Let me explain. I have felt these Thursday evenings to be subversive in the sense that they undercut current social and cultural trends in communication as well as subverting the culture at large’s sense of social progressivism. Here around the flames, we encounter other human beings and the elements of nature unequivocally vis-a-vis. Technological mediation is stripped away and experience occurs at first hand. Here we are not ensnared in a web of social networking that forbids depth with a few and encourages trivial interaction with hundreds. Here the tightly reined adversaries of modern culture are loosed: depth, reflection, the exchange of ideas, silence, companionship. It is no accident that we sit outside in all weather and grapple with real wind, real cold, real rain. We let the cold sink deep into our bones or the snow settle on our backs because they are unflinchingly real, and the real, defined in these terms, is a waning resource in our culture. We have engineered webs of technological connectivity around us, but their function serves to hold at arm’s length rather than invite us in. Here, time passes as we watch the firelight flicker on each other’s faces and the roar of the headlong world fades for a time. Here, we are alive in a way that our culture is not and does not encourage us to be. Here, we are subversive.
I arrived at 11:15 p.m. to a night of windy darkness. Carl got up to leave and pressed a tin of Dunhill Nightcap into my hands with the injunction to try it, and said, despite my protestation to return it to him next week, that it was okay if I smoked it all! A tin that had just been opened, mind you, bearing this inscription: “A rich flavoured smoking mixture for the evening with its period of relaxation and leisure.” How appropriate.
Amongst some general conversation I heard Ralph wonder if there would be night in heaven. A discussion spun off into the notion that God created the darkness as well as the light, so how did the environment appear before God began creating if it was neither light nor darkness? “Like an empty ziplock bag,” mused Greg, in an offhand manner. I told him it sounded like a new branch of theology and he could be its first proponent. We also thought that perhaps we would have the ability to see other spectrums of light and undreamed of colors, or, as Jerry suggested, the gates of knowing might be thrown open, and we might be able to hear with our legs, like the crickets.

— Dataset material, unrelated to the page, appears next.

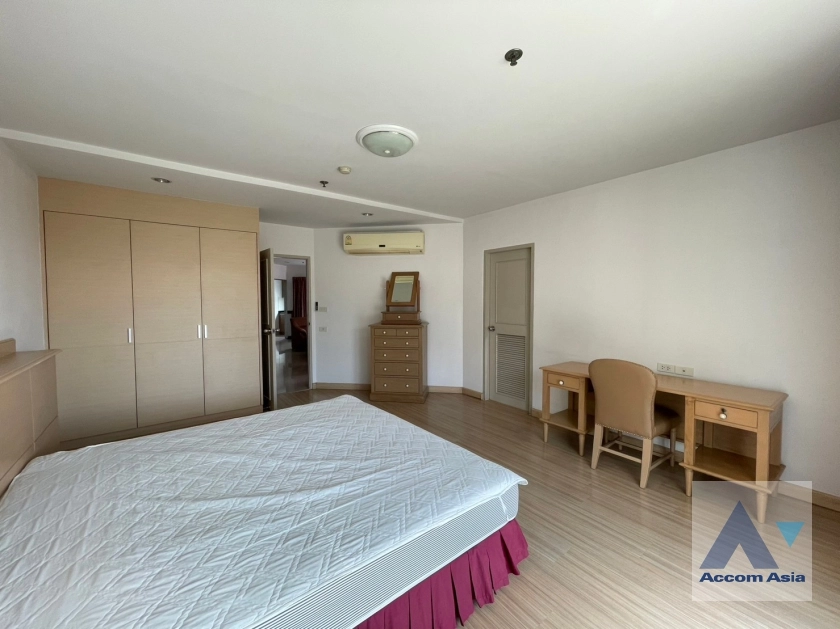 8  3 br Apartment For Rent in Sukhumvit ,Bangkok BTS Asok - MRT Sukhumvit at Private and Peaceful AA36407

I was asked to read some poetry, so I dug around in my car and found a book of Dylan Thomas’s poetry. I chose this poem:
In
The spin
Of the sun
In the spuming
Cyclone of his wing
For I was lost who am
Crying at the man drenched throne
In the first fury of his stream
And the lightnings of adoration
Back to black silence melt and mourn
For I was lost who have come
To dumbfounding haven
And the finding one
And the high noon
Of his wound
Blinds my
Cry
As this was one of a series, I read a few others and we discussed the imagery that Thomas is so adept at putting into his poetry.
The night, as my dad always says, was “clear as a bell.” The moon gazed down at us on its way to some far country. It seemed small and remote, as if trying to hoard itself before bursting out at its full in a few days time.

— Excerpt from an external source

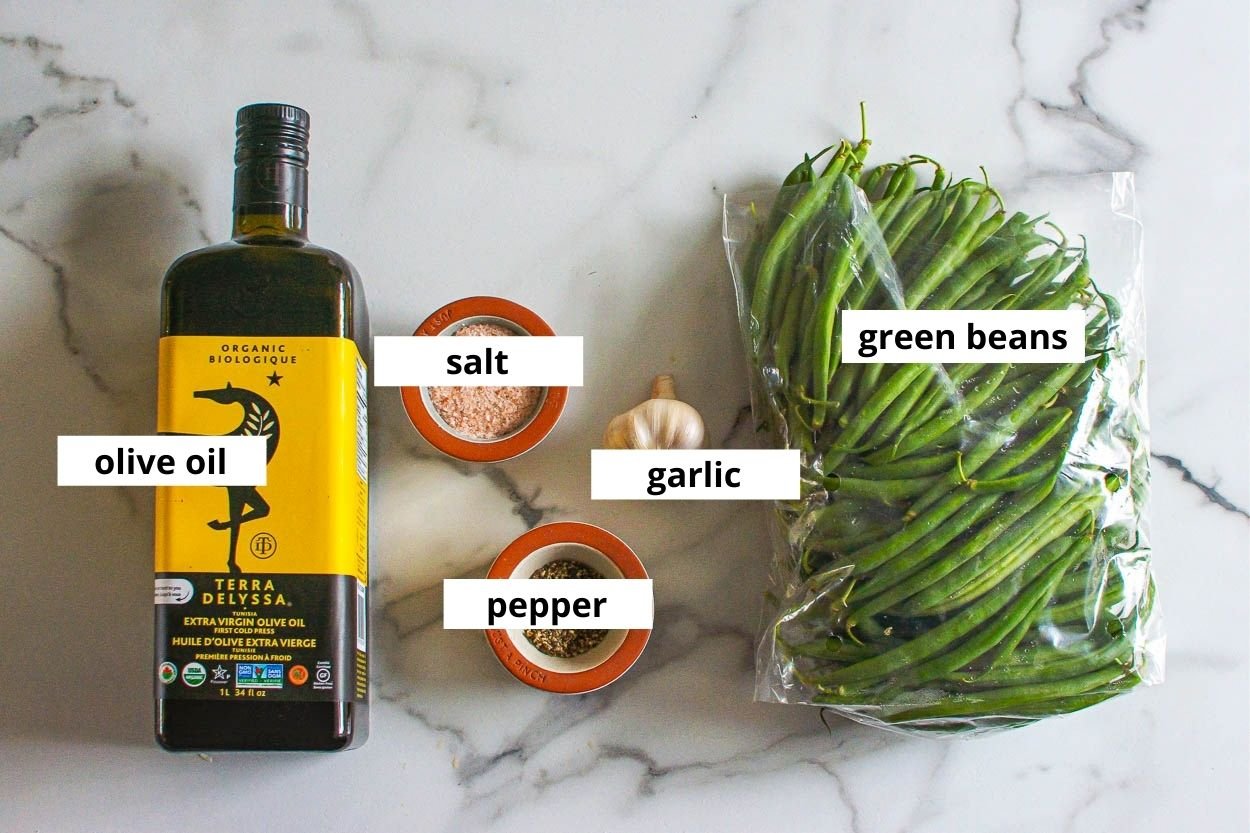 garlic, green beans, olive oil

Without much else to report, and as the meeting broke up not long after I arrived, I bid you all a fond farewell. Until next time. . .
Thanks for the comment, Paul. In writing as I did, I was not attempting to denigrate the “outside world” and claim that BotB is the only place where interaction of importance can take place, but was merely suggesting that it is one place where such things can occur, and that our way of life doesn’t often encourage us to meet in such ways. I too am not immune to conversing with the “outside world” on my phone via text or call during these nights, and I also will not turn my phone off. I do not suggest that we should turn away from technology, or that we are distinguished from the outside world in any way, perhaps only that it is important to carve out space for meeting together in person, regardless of the fact that we leave our phones on or off. In this sense, any gathering where people interact face to face would suffice. Perhaps I romanticize BotB a bit too much, but that is my issue.
Hmm, interesting. How often though do I insist on being tethered to shallow world outside of the BotB by leaving my phone on and txting someone not a part or checking my email as the conversation drifts to the interests of others? A solemn thought, but I doubt I will turn my phone off.
You are most welcome. Thank you for your kind comments. To all our brothers who still attend in spirit, we lift our glasses to you. You have all left your mark on the brotherhood.
The finest and most alive description of those subversive nights that I am still apart of in Spirit. I enjoy being apart of those unique times. I still smoke towards the North and lift my liquor in you all’s direction. I still have some honest friends… and they are few. Thank you for your words.